BEGIN

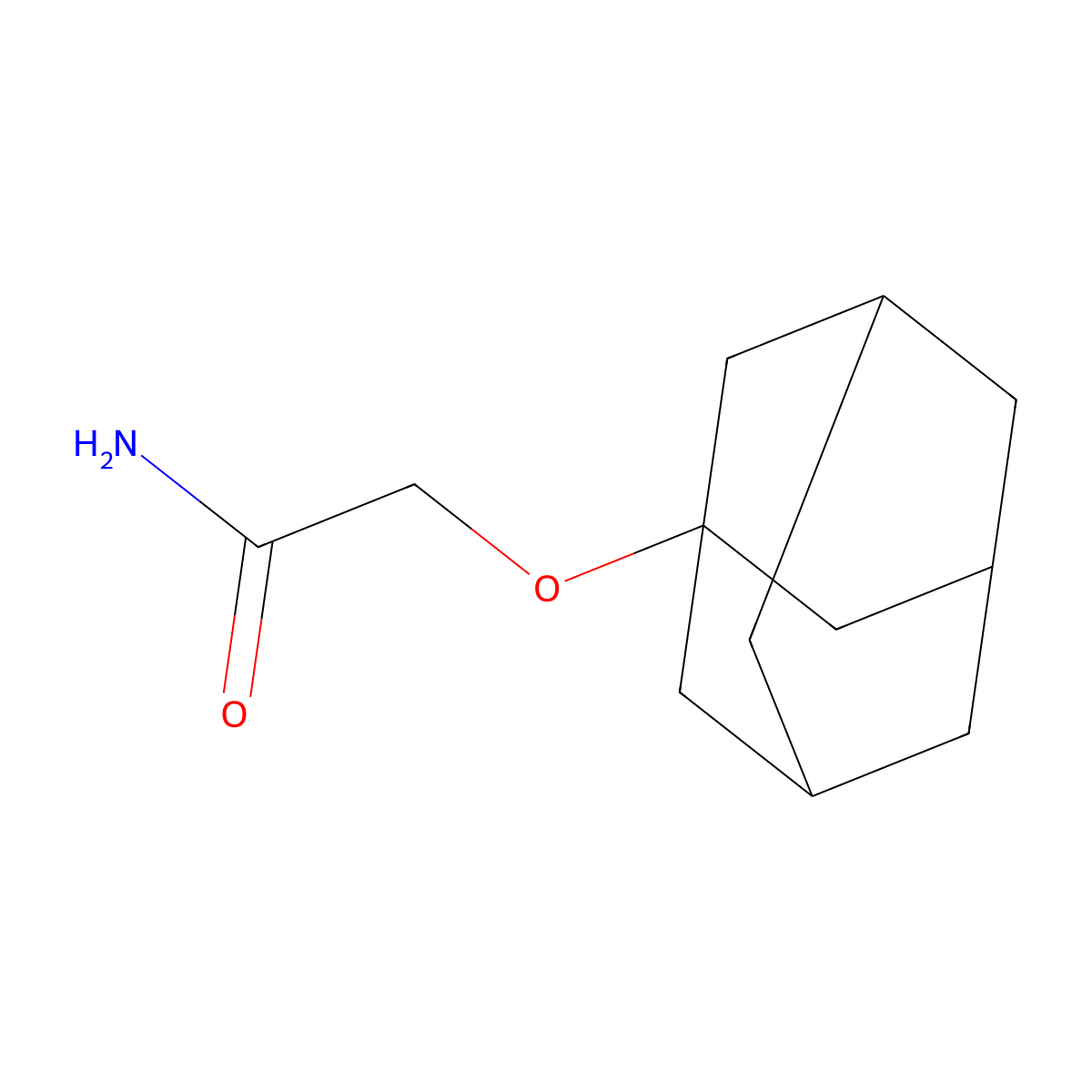 2-(Adamantan-1-yloxy)acetamide molecular structure, CAS 5561-27-3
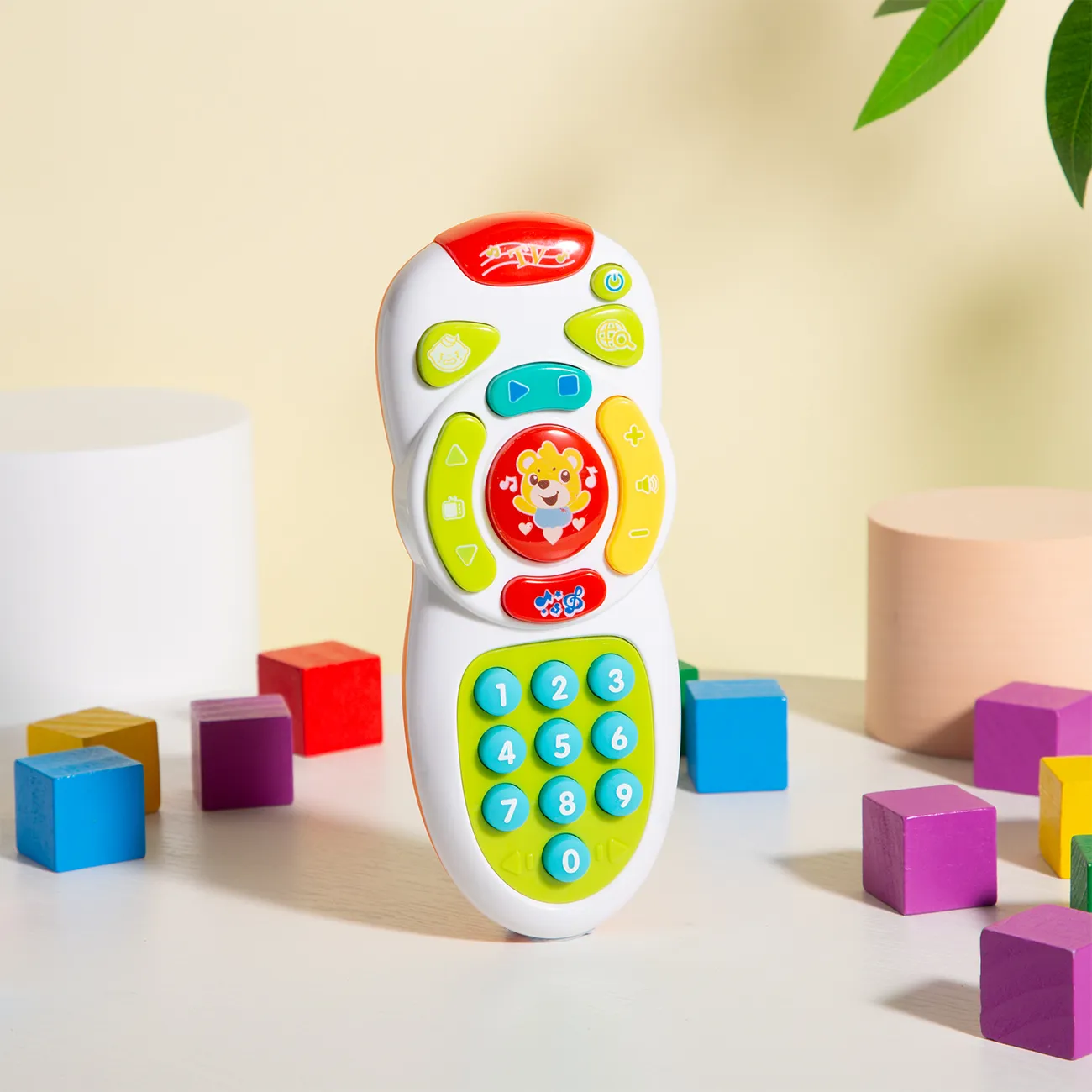 Musical TV Remote Control Toy with Light and Sound Early Education Learning Remote Toy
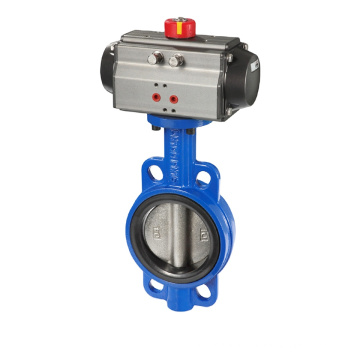 gray cast iron DN40-600 Pneumatic butterfly Valve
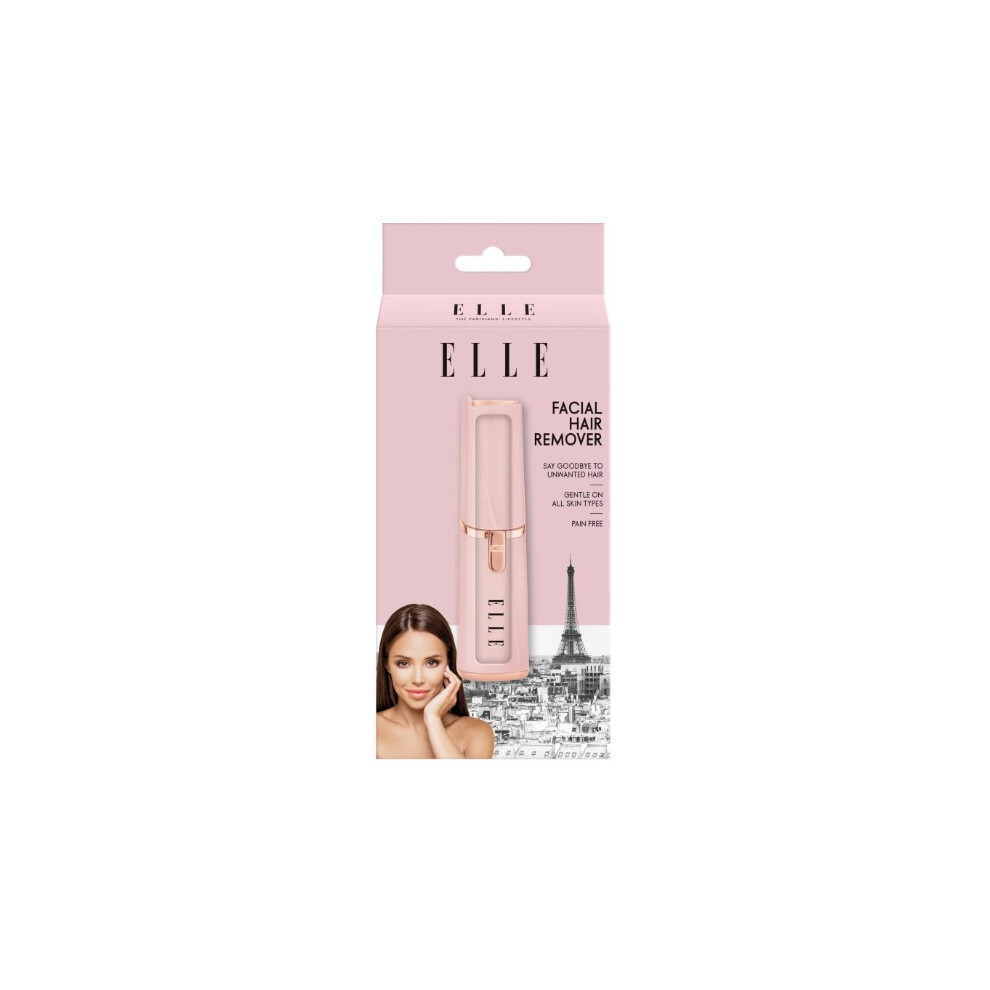 ELLE Facial Hair Remover - Pink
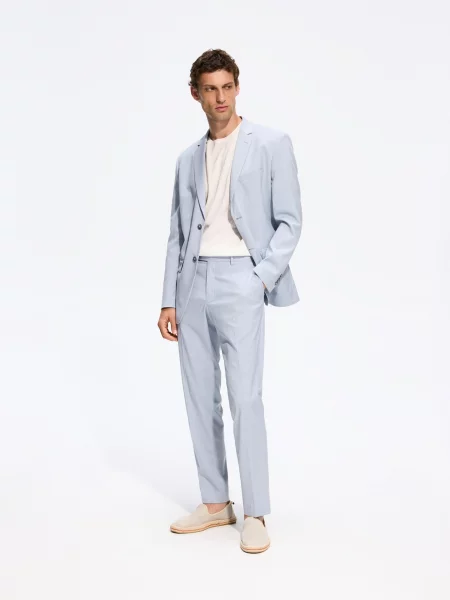 Reserved Футболка regular fit з ліоцелом бежевий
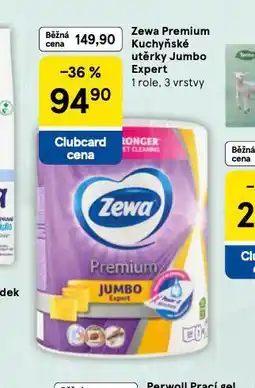 Tesco Zewa premium kuchyňské utěrky jumbo expert nabídka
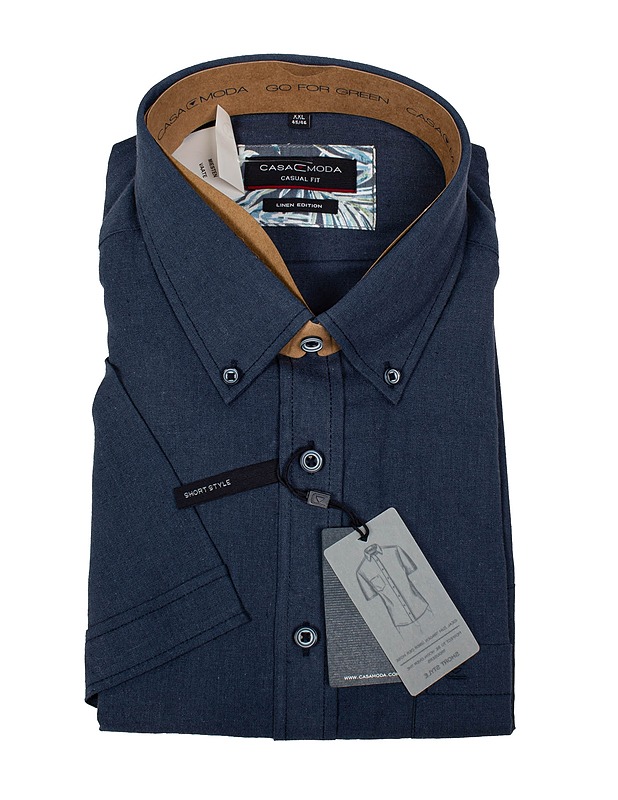 CASA MODA Casual fit lyhythihainen kauluspaita, XXL - Miesten paidat - 10105535763 - 0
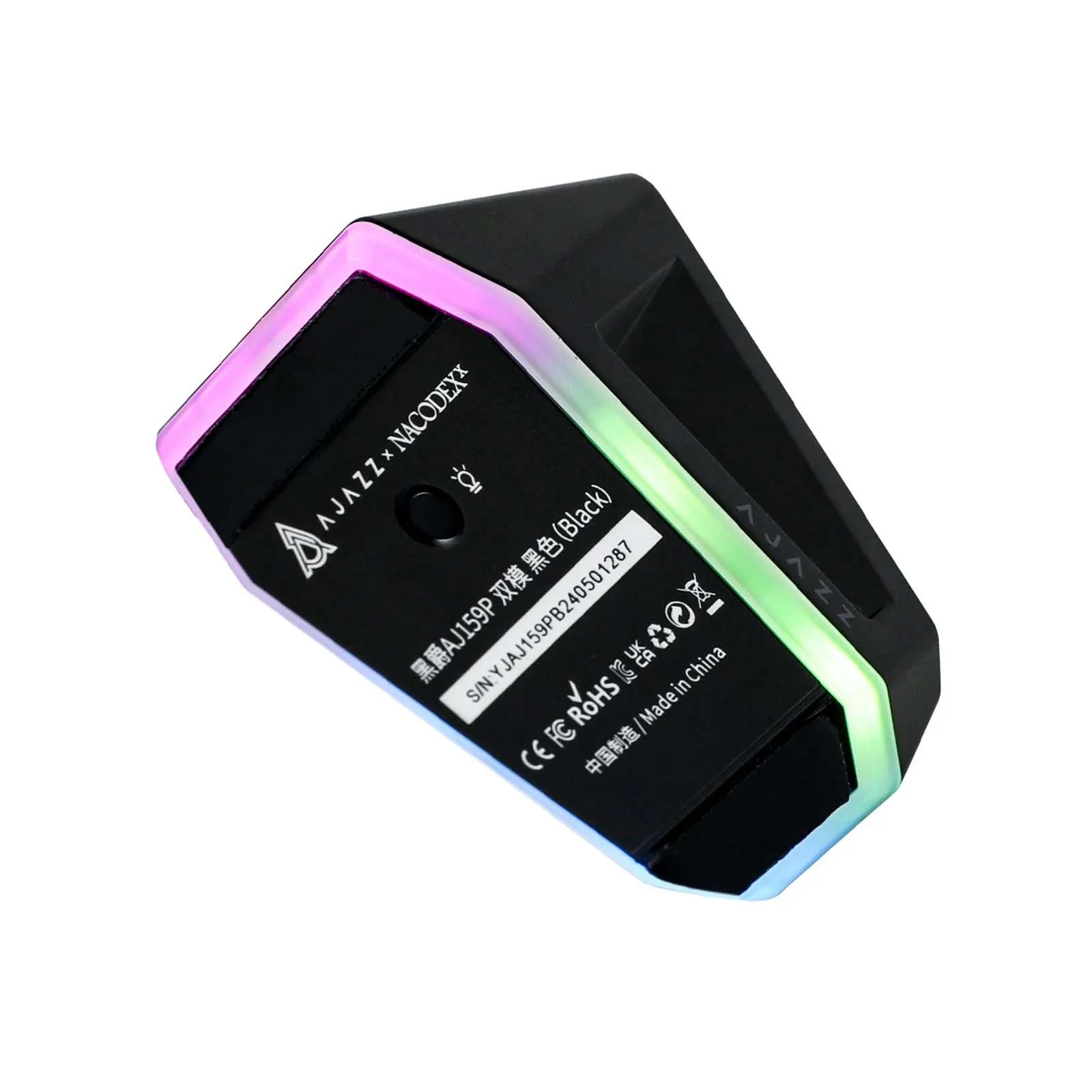 ماوس ألعاب AJAZZ AJ159 APEX Pro لاسلكي 8K بمستشعر PAW3950 وقاعدة شحن مغناطيسية، أسود - Image 5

END

Omit the pictures and reproduce the remaining material above exactly.

 2-(Adamantan-1-yloxy)acetamide molecular structure, CAS 5561-27-3
 Musical TV Remote Control Toy with Light and Sound Early Education Learning Remote Toy
 gray cast iron DN40-600 Pneumatic butterfly Valve
 ELLE Facial Hair Remover - Pink
 Reserved Футболка regular fit з ліоцелом бежевий
 Tesco Zewa premium kuchyňské utěrky jumbo expert nabídka
 CASA MODA Casual fit lyhythihainen kauluspaita, XXL - Miesten paidat - 10105535763 - 0
 ماوس ألعاب AJAZZ AJ159 APEX Pro لاسلكي 8K بمستشعر PAW3950 وقاعدة شحن مغناطيسية، أسود - Image 5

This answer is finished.